>>>>

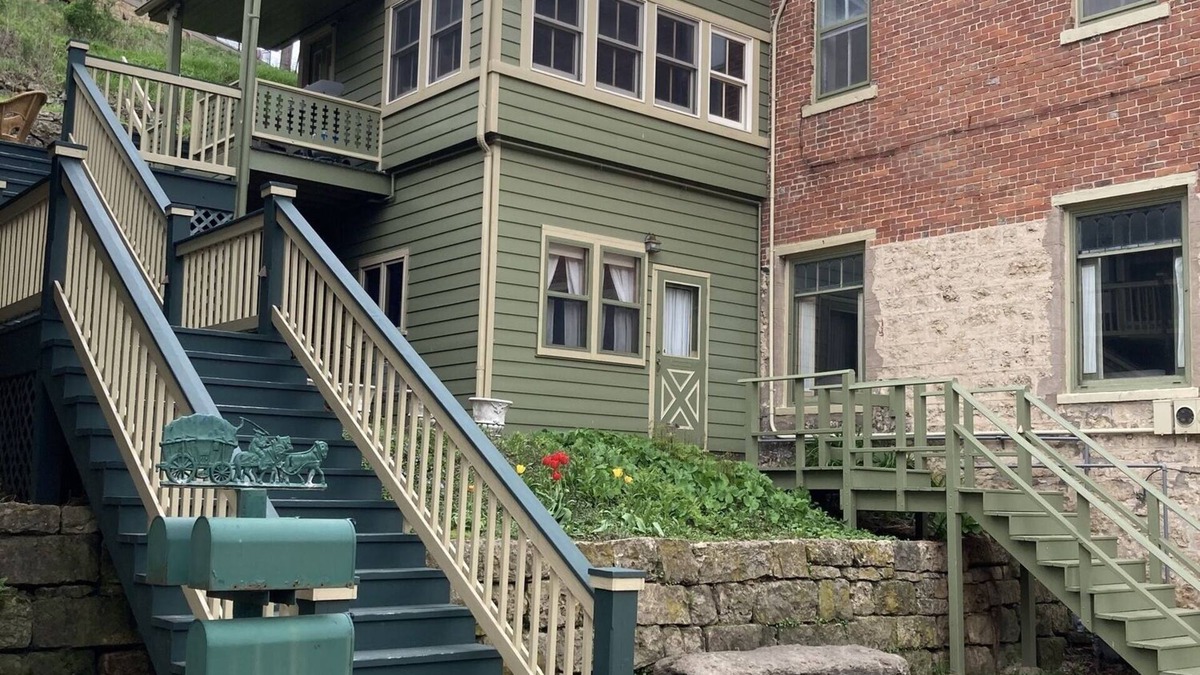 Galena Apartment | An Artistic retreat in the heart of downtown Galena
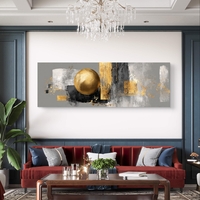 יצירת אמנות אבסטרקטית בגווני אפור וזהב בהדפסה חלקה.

<<<<
>>>>

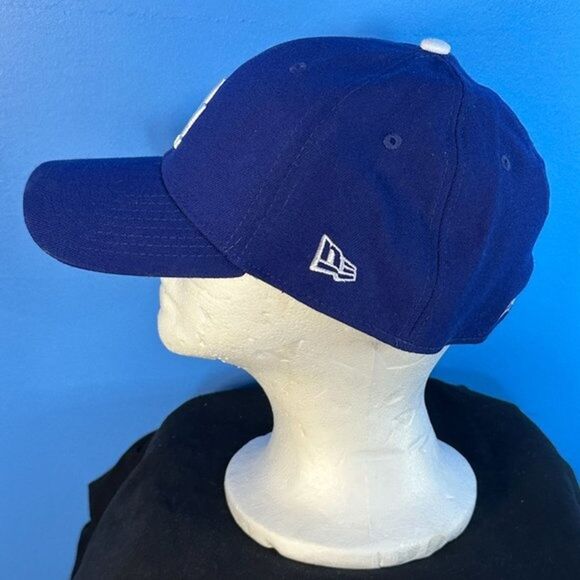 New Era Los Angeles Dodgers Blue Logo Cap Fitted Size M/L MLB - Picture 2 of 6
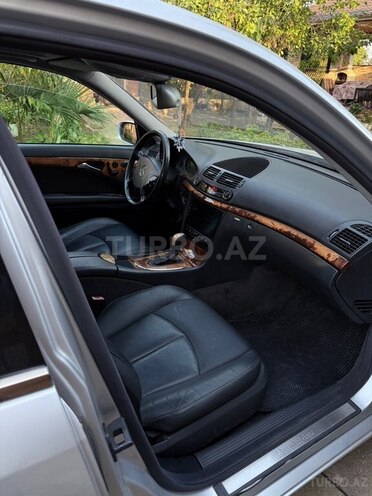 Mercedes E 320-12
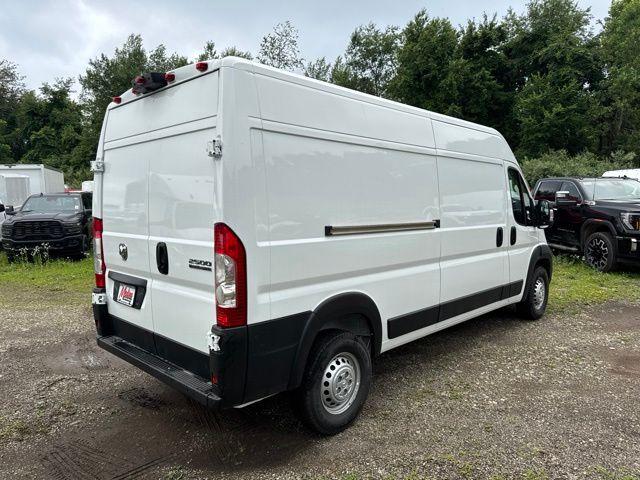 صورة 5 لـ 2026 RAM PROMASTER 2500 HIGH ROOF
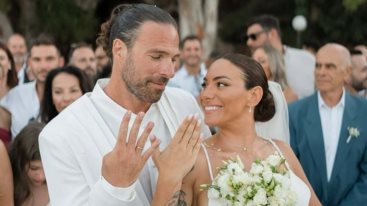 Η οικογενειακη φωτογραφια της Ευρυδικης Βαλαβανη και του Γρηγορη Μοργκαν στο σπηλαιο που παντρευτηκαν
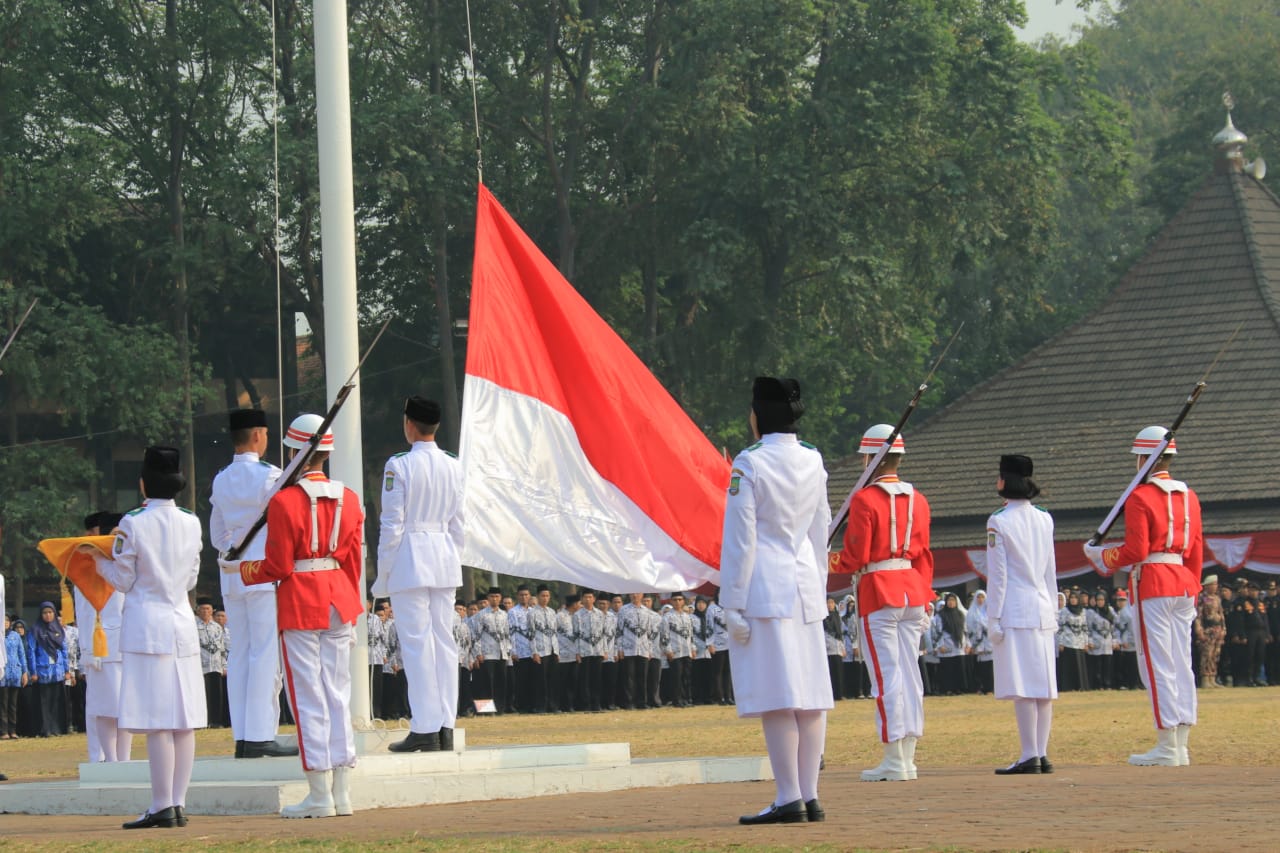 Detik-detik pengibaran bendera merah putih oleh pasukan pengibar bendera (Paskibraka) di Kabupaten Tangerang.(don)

<<<<
>>>>

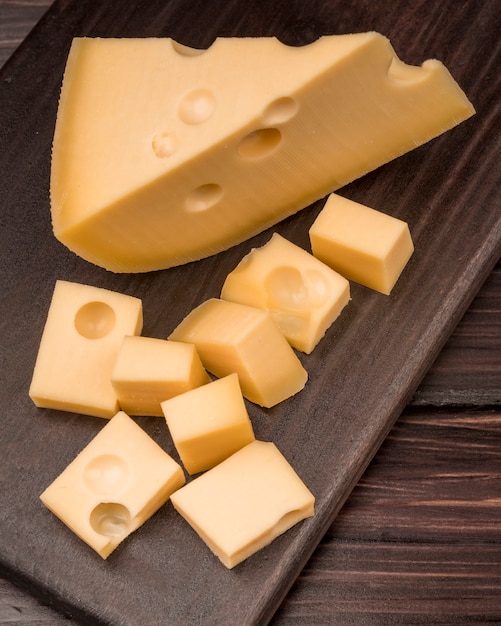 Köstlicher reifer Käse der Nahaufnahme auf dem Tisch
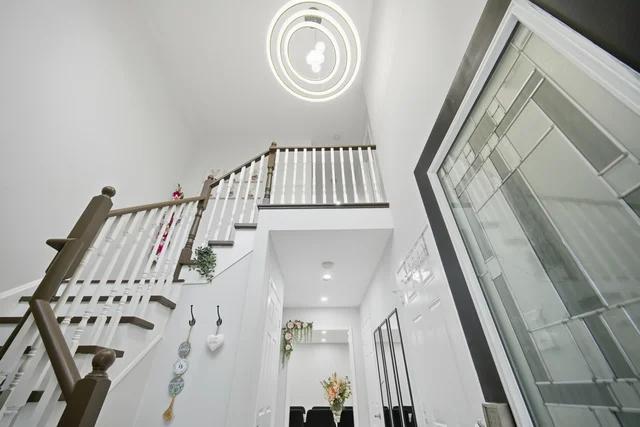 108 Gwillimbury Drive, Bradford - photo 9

<<<<

*Goal of the exercise*. With the pictures omitted, print the lines above exactly, beginning at the line with "Galena Apartment |" and going on through the line with "יצירת אמנות אבסטרקטית".

*Answer to this problem*.
 Galena Apartment | An Artistic retreat in the heart of downtown Galena
 יצירת אמנות אבסטרקטית בגווני אפור וזהב בהדפסה חלקה.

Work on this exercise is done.